Work instruction: Down to the last line, copy the records below without any change.

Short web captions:
● ● ● ●
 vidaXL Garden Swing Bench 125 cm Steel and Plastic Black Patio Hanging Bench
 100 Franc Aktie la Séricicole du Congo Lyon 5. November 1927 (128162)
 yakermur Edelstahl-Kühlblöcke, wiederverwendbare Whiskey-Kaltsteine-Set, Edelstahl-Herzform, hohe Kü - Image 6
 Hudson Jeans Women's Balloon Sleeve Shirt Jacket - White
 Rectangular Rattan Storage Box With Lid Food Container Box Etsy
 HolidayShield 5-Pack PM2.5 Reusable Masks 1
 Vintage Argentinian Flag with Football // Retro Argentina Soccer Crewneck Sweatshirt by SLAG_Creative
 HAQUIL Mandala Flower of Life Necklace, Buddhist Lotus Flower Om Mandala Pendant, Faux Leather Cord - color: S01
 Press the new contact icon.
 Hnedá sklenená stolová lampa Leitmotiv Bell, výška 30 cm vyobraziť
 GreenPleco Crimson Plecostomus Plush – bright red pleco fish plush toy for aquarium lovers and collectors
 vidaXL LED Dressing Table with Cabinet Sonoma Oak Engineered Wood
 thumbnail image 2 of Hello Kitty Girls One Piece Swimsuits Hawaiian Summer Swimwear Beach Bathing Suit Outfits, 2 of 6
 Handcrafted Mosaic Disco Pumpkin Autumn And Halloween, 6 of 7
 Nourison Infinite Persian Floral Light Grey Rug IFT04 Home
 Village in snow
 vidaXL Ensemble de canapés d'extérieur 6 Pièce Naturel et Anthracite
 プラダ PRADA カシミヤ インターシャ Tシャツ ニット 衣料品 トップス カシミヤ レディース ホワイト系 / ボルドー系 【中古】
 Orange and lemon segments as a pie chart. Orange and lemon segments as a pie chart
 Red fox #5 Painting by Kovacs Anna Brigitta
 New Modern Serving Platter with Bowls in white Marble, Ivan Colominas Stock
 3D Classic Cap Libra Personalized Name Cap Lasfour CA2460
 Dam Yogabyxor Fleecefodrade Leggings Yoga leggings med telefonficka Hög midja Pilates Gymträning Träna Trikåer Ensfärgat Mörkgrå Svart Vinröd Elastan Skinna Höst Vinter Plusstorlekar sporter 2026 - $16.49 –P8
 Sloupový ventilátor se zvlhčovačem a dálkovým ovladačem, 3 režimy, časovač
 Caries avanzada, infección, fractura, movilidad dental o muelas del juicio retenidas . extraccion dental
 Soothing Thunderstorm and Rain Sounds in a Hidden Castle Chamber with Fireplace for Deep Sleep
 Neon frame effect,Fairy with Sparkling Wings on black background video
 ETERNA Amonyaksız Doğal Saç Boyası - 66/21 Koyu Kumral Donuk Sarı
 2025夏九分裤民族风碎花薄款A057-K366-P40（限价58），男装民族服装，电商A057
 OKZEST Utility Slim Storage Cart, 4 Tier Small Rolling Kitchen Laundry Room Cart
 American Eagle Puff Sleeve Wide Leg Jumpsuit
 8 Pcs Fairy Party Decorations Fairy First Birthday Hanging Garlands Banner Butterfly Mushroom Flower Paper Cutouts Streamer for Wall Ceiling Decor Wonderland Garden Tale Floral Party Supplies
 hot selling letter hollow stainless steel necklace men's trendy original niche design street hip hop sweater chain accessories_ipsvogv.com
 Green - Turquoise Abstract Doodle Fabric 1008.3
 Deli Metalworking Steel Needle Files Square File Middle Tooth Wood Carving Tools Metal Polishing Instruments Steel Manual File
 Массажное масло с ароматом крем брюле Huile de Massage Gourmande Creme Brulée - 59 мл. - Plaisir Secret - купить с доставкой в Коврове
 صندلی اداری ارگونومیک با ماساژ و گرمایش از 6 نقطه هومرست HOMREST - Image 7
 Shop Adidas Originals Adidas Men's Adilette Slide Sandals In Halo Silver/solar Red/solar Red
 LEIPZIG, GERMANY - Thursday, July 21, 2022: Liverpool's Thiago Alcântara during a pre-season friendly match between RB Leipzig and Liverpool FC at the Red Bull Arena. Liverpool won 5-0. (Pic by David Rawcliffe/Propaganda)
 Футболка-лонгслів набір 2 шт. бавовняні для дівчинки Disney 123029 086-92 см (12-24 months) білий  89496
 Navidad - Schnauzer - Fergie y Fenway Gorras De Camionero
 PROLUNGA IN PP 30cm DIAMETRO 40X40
● ● ● ●
Output for this exercise:
 vidaXL Garden Swing Bench 125 cm Steel and Plastic Black Patio Hanging Bench
 100 Franc Aktie la Séricicole du Congo Lyon 5. November 1927 (128162)
 yakermur Edelstahl-Kühlblöcke, wiederverwendbare Whiskey-Kaltsteine-Set, Edelstahl-Herzform, hohe Kü - Image 6
 Hudson Jeans Women's Balloon Sleeve Shirt Jacket - White
 Rectangular Rattan Storage Box With Lid Food Container Box Etsy
 HolidayShield 5-Pack PM2.5 Reusable Masks 1
 Vintage Argentinian Flag with Football // Retro Argentina Soccer Crewneck Sweatshirt by SLAG_Creative
 HAQUIL Mandala Flower of Life Necklace, Buddhist Lotus Flower Om Mandala Pendant, Faux Leather Cord - color: S01
 Press the new contact icon.
 Hnedá sklenená stolová lampa Leitmotiv Bell, výška 30 cm vyobraziť
 GreenPleco Crimson Plecostomus Plush – bright red pleco fish plush toy for aquarium lovers and collectors
 vidaXL LED Dressing Table with Cabinet Sonoma Oak Engineered Wood
 thumbnail image 2 of Hello Kitty Girls One Piece Swimsuits Hawaiian Summer Swimwear Beach Bathing Suit Outfits, 2 of 6
 Handcrafted Mosaic Disco Pumpkin Autumn And Halloween, 6 of 7
 Nourison Infinite Persian Floral Light Grey Rug IFT04 Home
 Village in snow
 vidaXL Ensemble de canapés d'extérieur 6 Pièce Naturel et Anthracite
 プラダ PRADA カシミヤ インターシャ Tシャツ ニット 衣料品 トップス カシミヤ レディース ホワイト系 / ボルドー系 【中古】
 Orange and lemon segments as a pie chart. Orange and lemon segments as a pie chart
 Red fox #5 Painting by Kovacs Anna Brigitta
 New Modern Serving Platter with Bowls in white Marble, Ivan Colominas Stock
 3D Classic Cap Libra Personalized Name Cap Lasfour CA2460
 Dam Yogabyxor Fleecefodrade Leggings Yoga leggings med telefonficka Hög midja Pilates Gymträning Träna Trikåer Ensfärgat Mörkgrå Svart Vinröd Elastan Skinna Höst Vinter Plusstorlekar sporter 2026 - $16.49 –P8
 Sloupový ventilátor se zvlhčovačem a dálkovým ovladačem, 3 režimy, časovač
 Caries avanzada, infección, fractura, movilidad dental o muelas del juicio retenidas . extraccion dental
 Soothing Thunderstorm and Rain Sounds in a Hidden Castle Chamber with Fireplace for Deep Sleep
 Neon frame effect,Fairy with Sparkling Wings on black background video
 ETERNA Amonyaksız Doğal Saç Boyası - 66/21 Koyu Kumral Donuk Sarı
 2025夏九分裤民族风碎花薄款A057-K366-P40（限价58），男装民族服装，电商A057
 OKZEST Utility Slim Storage Cart, 4 Tier Small Rolling Kitchen Laundry Room Cart
 American Eagle Puff Sleeve Wide Leg Jumpsuit
 8 Pcs Fairy Party Decorations Fairy First Birthday Hanging Garlands Banner Butterfly Mushroom Flower Paper Cutouts Streamer for Wall Ceiling Decor Wonderland Garden Tale Floral Party Supplies
 hot selling letter hollow stainless steel necklace men's trendy original niche design street hip hop sweater chain accessories_ipsvogv.com
 Green - Turquoise Abstract Doodle Fabric 1008.3
 Deli Metalworking Steel Needle Files Square File Middle Tooth Wood Carving Tools Metal Polishing Instruments Steel Manual File
 Массажное масло с ароматом крем брюле Huile de Massage Gourmande Creme Brulée - 59 мл. - Plaisir Secret - купить с доставкой в Коврове
 صندلی اداری ارگونومیک با ماساژ و گرمایش از 6 نقطه هومرست HOMREST - Image 7
 Shop Adidas Originals Adidas Men's Adilette Slide Sandals In Halo Silver/solar Red/solar Red
 LEIPZIG, GERMANY - Thursday, July 21, 2022: Liverpool's Thiago Alcântara during a pre-season friendly match between RB Leipzig and Liverpool FC at the Red Bull Arena. Liverpool won 5-0. (Pic by David Rawcliffe/Propaganda)
 Футболка-лонгслів набір 2 шт. бавовняні для дівчинки Disney 123029 086-92 см (12-24 months) білий  89496
 Navidad - Schnauzer - Fergie y Fenway Gorras De Camionero
 PROLUNGA IN PP 30cm DIAMETRO 40X40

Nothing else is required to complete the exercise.